Rsync on the Client Side
Essentially, we already have a solution — rsync. The problem is that rsync does the hard work on the server, and requires server support. This is not essential to its algorithm. The algorithm merely requires that one side calculates the checksums of each distinct block of data, and sends it to the other end; the other end then does a rolling checksum through its file, identifying blocks in common, and then working out which blocks are not in common and must be transmitted.
So, we make it the server which calculates the checksums of each distinct block. Because it need calculate only one checksum per block of data, and this is not specific to any given client, the data can be cached. We can save this data into a metafile, and the client requests this data as the first step of the process. This metafile can simply be at another URL on the same — or even a different — server.
Match Continuation
Another source of information that can help in determining a match is the matching status of neighbouring blocks. There is no reason to believe that matching data in the target file will end neatly on block boundaries - quite the opposite, we will expect to see that after one block matches, neighbouring blocks of the source data will match corresponding neighbours in the target data, giving long areas in the source file that can be copied to the target file.
One way to use this is by rejecting matches unless a certain number of consecutive neighbouring blocks also match (see [CIS2004]). If we insist on, say, 2 matching blocks in sequence, we greatly reduce the chance of false positives - assuming the checksums of these blocks remain independent, then we can halve the number of bytes of strong checksum transmitted per block.
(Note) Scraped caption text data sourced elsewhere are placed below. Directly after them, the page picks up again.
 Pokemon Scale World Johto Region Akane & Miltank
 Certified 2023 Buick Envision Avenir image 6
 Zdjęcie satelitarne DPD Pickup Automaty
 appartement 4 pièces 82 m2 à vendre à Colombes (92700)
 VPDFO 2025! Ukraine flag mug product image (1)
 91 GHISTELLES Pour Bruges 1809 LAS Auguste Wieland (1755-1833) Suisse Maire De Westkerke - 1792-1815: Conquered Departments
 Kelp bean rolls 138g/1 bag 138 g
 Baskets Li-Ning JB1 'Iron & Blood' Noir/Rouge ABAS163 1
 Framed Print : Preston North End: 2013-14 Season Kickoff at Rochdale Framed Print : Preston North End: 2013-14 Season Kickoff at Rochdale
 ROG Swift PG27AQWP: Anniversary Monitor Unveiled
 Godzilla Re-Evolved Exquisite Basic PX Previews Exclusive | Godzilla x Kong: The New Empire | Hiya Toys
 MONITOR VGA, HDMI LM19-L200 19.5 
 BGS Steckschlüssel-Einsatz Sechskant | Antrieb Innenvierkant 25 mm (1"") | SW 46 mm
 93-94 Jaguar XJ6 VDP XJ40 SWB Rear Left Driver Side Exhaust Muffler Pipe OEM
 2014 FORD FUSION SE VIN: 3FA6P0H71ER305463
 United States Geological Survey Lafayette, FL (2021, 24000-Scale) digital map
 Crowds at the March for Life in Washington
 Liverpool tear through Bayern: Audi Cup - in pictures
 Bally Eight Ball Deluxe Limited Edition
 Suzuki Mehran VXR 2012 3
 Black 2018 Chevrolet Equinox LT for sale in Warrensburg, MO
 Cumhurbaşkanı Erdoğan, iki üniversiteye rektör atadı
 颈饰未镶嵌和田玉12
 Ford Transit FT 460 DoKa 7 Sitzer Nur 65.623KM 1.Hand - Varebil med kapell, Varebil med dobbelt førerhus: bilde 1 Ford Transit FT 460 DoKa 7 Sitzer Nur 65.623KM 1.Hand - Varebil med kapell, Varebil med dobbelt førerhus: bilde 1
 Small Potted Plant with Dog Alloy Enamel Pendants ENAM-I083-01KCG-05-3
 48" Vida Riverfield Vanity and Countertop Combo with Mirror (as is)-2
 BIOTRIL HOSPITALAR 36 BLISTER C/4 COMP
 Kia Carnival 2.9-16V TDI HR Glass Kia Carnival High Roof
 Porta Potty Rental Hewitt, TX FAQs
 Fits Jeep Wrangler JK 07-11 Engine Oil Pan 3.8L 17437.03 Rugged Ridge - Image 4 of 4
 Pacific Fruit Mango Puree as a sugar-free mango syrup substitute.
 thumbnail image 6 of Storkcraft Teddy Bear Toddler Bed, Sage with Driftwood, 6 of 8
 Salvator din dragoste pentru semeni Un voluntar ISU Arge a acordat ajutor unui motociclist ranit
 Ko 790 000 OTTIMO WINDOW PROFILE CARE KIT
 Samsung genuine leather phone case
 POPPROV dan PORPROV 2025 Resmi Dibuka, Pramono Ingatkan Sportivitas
The only matches we lose by this restriction are single-block matches - but these are rare anyway, and are the least serious matches to miss (because we will normally have unmatched data either side that needs to be fetched, so the loss of transmitting the data for the extra block is partially offset by the reduced overhead of downloading a single range instead of the two ranges either side). (Alternatively, one can think of this as splitting a larger matching block into two parts and allowing half-block aligned matches, as discussed in [CIS2004].)